(RECORDS FOR THIS EXERCISE)
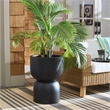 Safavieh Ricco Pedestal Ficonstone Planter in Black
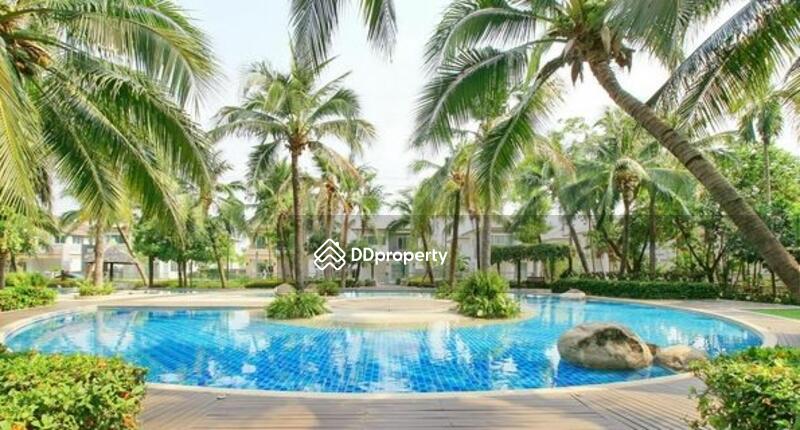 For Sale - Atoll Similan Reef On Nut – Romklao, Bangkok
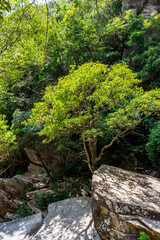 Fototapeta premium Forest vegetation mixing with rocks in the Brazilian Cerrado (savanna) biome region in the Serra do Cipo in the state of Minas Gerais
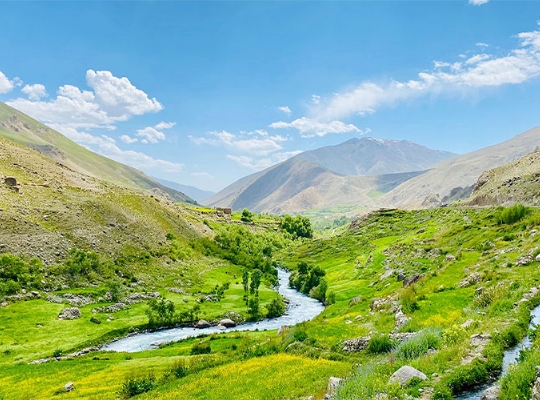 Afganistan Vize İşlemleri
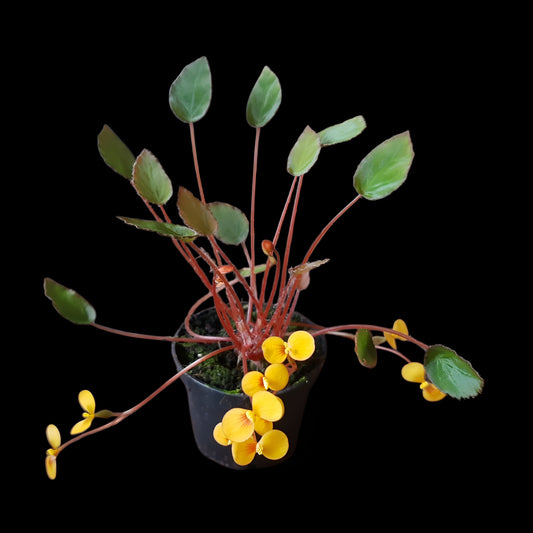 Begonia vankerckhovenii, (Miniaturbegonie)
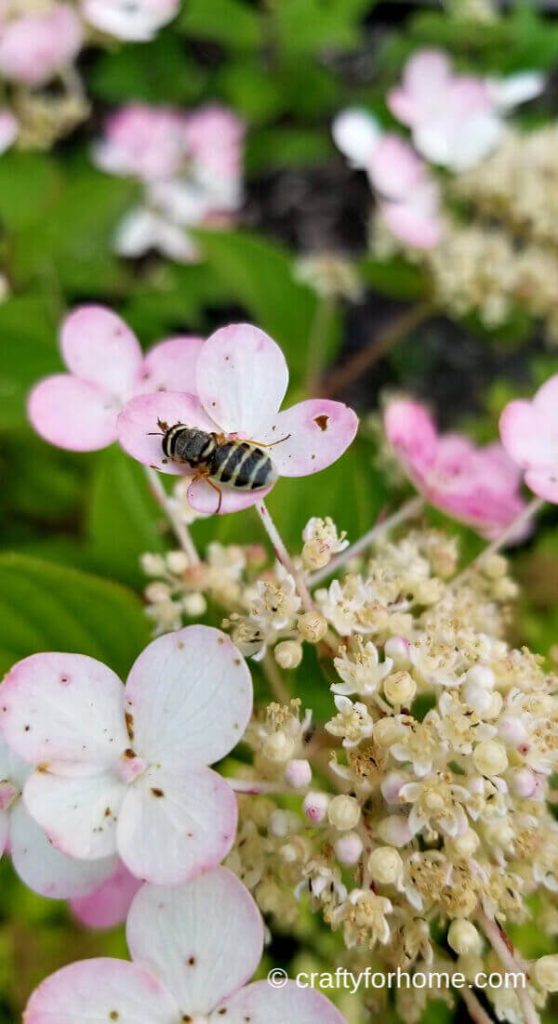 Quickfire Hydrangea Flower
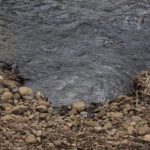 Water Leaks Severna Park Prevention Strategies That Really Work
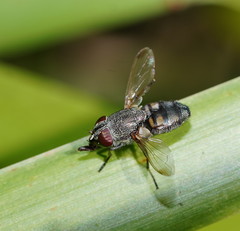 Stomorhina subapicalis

(ABOUT THIS EXERCISE) The lines to be transcribed are those from the first line of the data above through the line holding "Quickfire Hydrangea Flower", inclusive; copy them exactly and only, leaving out the pictures.

(EXPECTED ANSWER)
 Safavieh Ricco Pedestal Ficonstone Planter in Black
 For Sale - Atoll Similan Reef On Nut – Romklao, Bangkok
 Fototapeta premium Forest vegetation mixing with rocks in the Brazilian Cerrado (savanna) biome region in the Serra do Cipo in the state of Minas Gerais
 Afganistan Vize İşlemleri
 Begonia vankerckhovenii, (Miniaturbegonie)
 Quickfire Hydrangea Flower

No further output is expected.